- **ASSIGNMENT**
Print only the lines from the one with "Easysmx PS3 Controller, 2.4G" through the end of the data, exactly, and please omit pictures.

- **GIVEN MATERIAL**
────────

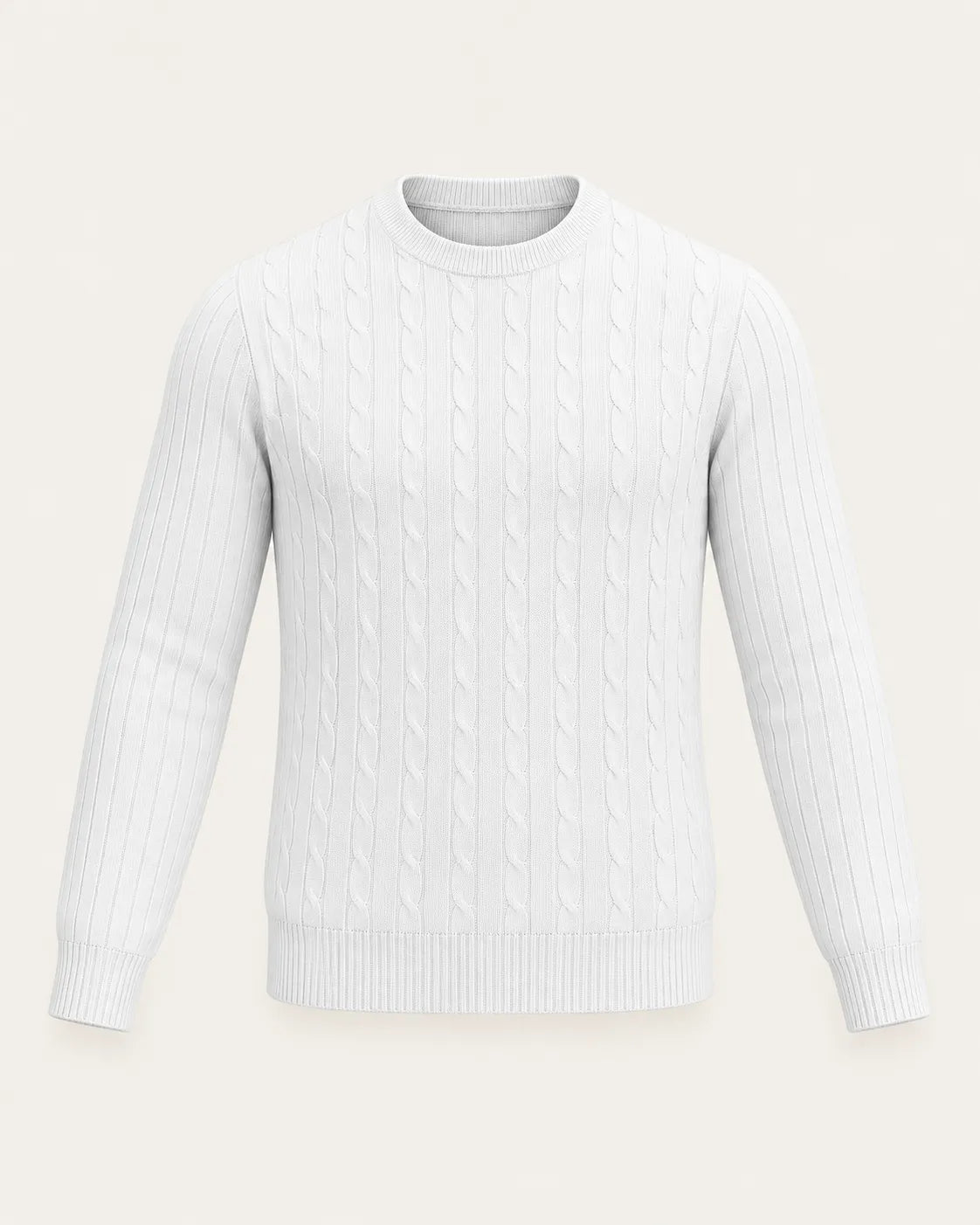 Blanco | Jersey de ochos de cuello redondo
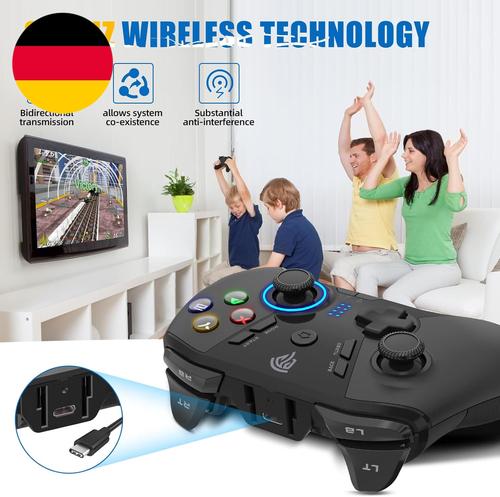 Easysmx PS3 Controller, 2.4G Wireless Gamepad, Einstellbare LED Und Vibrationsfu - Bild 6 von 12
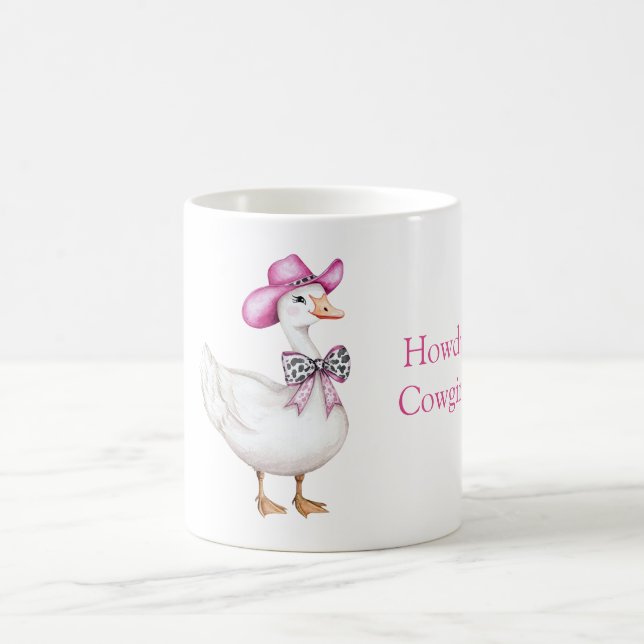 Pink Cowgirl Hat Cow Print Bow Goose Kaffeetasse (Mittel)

────────

- **ANSWER TO THIS EXERCISE**
 Easysmx PS3 Controller, 2.4G Wireless Gamepad, Einstellbare LED Und Vibrationsfu - Bild 6 von 12
 Pink Cowgirl Hat Cow Print Bow Goose Kaffeetasse (Mittel)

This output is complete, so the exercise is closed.